Section 2.  Checks, Drafts, and Similar Documents.  All checks, drafts or orders for the payment of money, notes or other evidences of indebtedness issued in the name of the Relationship Equality Foundation, Inc., shall be signed by such Officer or Officers and/or agent or agents of the Relationship Equality Foundation, Inc. and in such manner as shall from time to time be determined by resolution of the Board of Directors.

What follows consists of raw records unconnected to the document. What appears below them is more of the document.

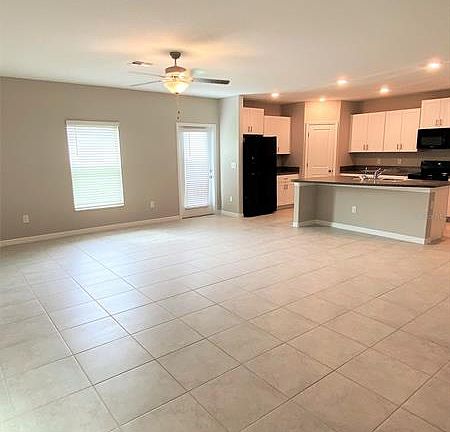 3rd image of 4203 Romano Busciglio St
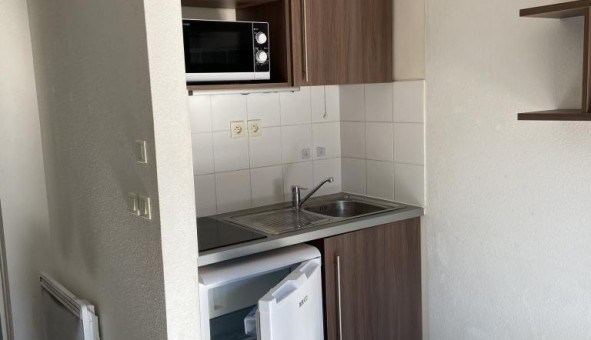 Logement tudiant Studio à Grenoble (38000)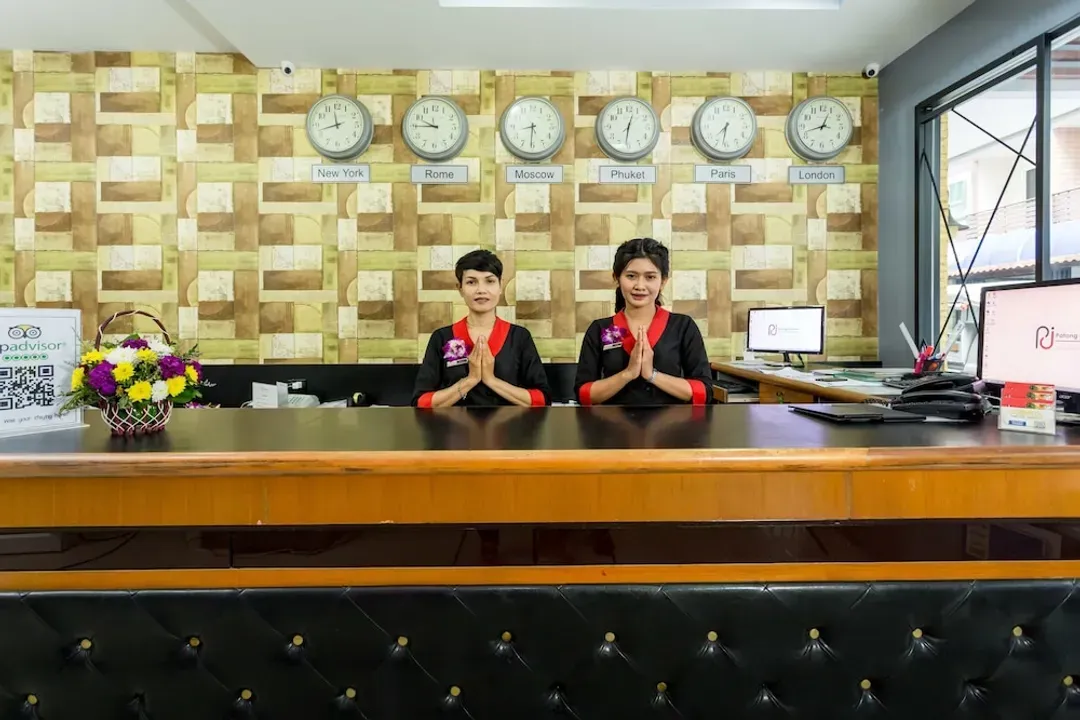 Lobby lounge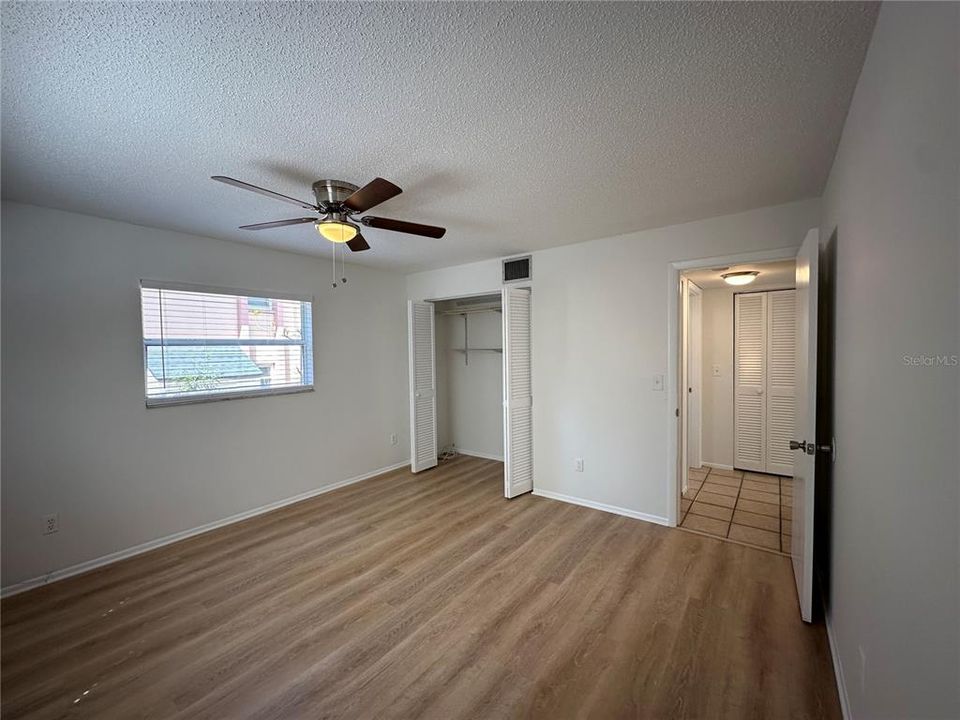 For Rent: $1,945 (2 beds, 2 baths, 900 Square Feet)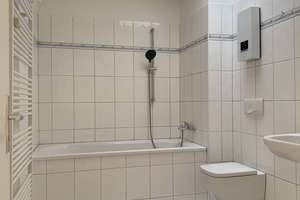 Bezugsfreie, vollständig sanierte 3-Zimmer-DG-Wohnung mit Balkon in Weißensee – Berliner Allee 253, 13088 Weißensee, Berlin – Vorschaubild 6
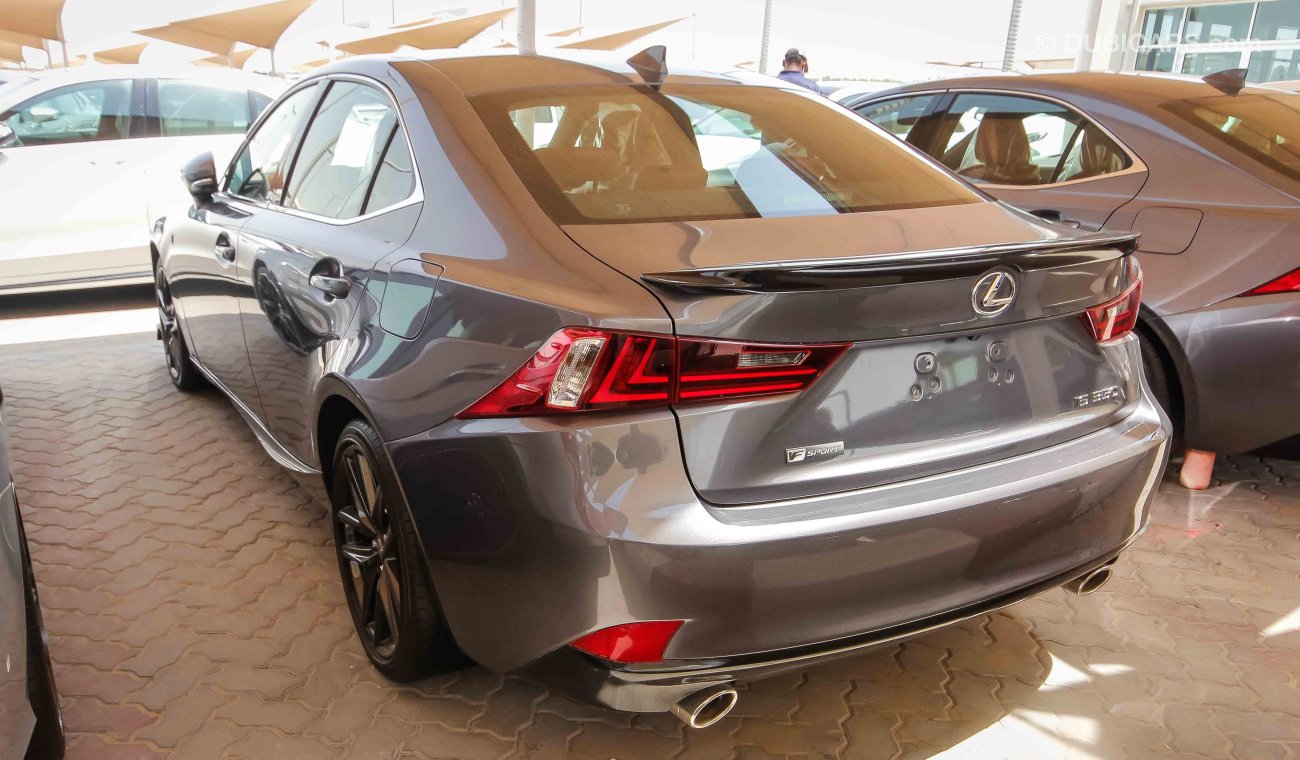 Lexus IS350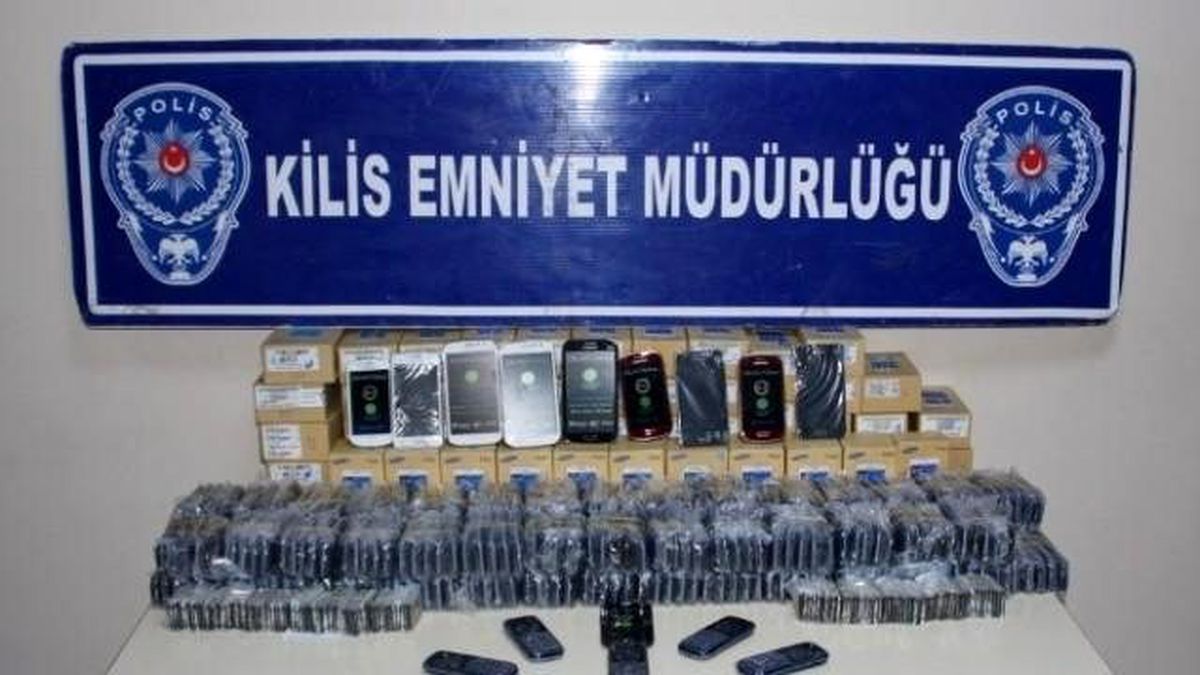 Kilis\'te, Kaçak Cep Telefonu, Batarya ile Sigara Yakalandı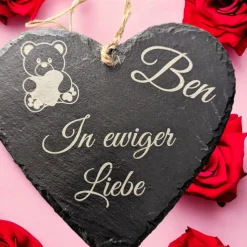 Schieferplatte Herz, Grabschmuck personalisiert, Gedenktafel, Bärchen mit Herz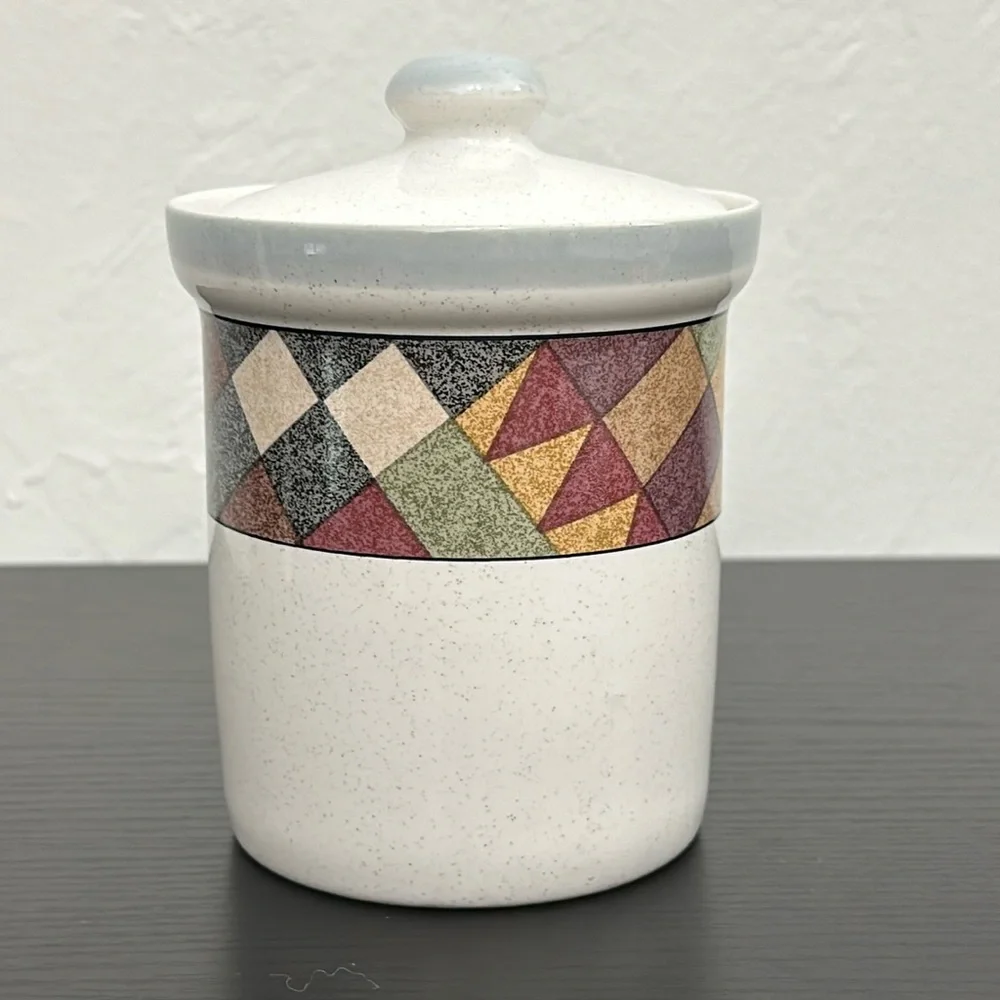 Studio Nova Small Palm Desert 5.25” Canister & Lid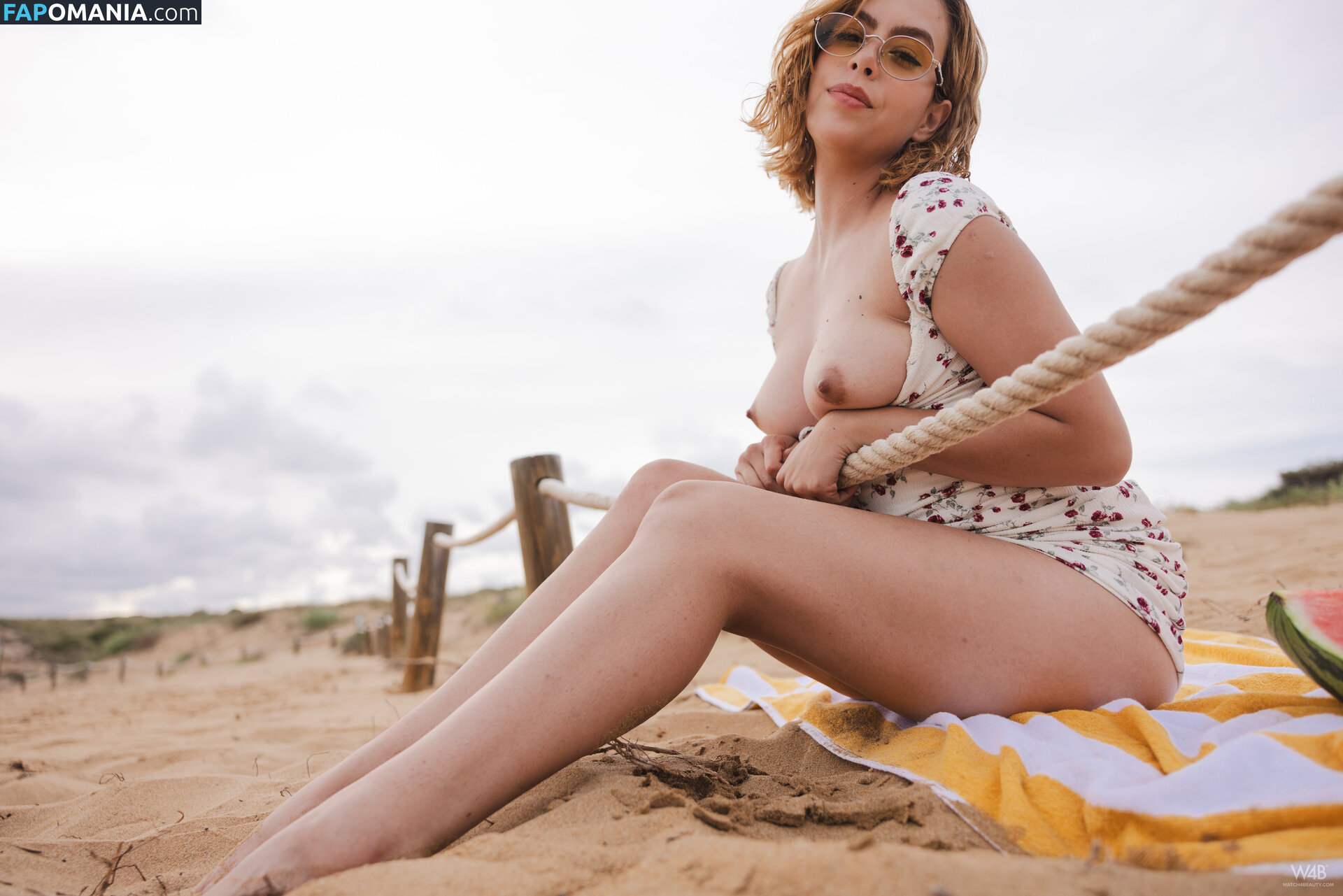 Sally Hunter / hunter80ss / sallhunt_ / sallyhunter Nu OnlyFans  Photo fuitée #44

Section 3.  Deposits.  All funds of the Relationship Equality Foundation, Inc. shall be deposited from time to time to the credit of the Relationship Equality Foundation, Inc. in such banks, trust companies or other depositories as the Board of Directors may select.

 

Section 4.  Gifts and Contributions.  The Board of Directors may accept on behalf of the Relationship Equality Foundation, Inc. any contribution, gift, bequest, or devise for the general purposes or for any special purpose of the Relationship Equality Foundation, Inc.  Such contributions, gifts, bequests, or devises shall be in conformity with the laws of the United States, the State of Georgia, and any other relevant jurisdiction.

ARTICLE IX

BOOKS AND RECORDS

 

The Relationship Equality Foundation, Inc. shall keep correct and complete books and records of account and also shall keep minutes of the proceedings of its Board of Directors and committees having any of the authority of the Board of Directors.

ARTICLE X

FISCAL YEAR

 

The fiscal year of Relationship Equality Foundation, Inc. shall begin on the first day of July and end on the last day of June in each year.

ARTICLE XI

WAIVER OF NOTICE

Whenever any notice is required to be given under the provisions of the law of Georgia or under the provisions of the Articles of Incorporation or the Bylaws of the Relationship Equality Foundation, Inc., a waiver thereof in writing signed by the person or persons entitled to such notice, whether before or after the time stated therein, shall be deemed equivalent to the giving of such notice.

ARTICLE XII

AMENDMENTS TO BYLAWS

 

The Bylaws may be altered, amended or repealed and new Bylaws may be adopted by majority vote of the Board of Directors present at any annual, regular or special meeting, if at least fifteen (15) days written notice is given of intention to alter, amend or repeal the Bylaws or to adopt new Bylaws at such meeting.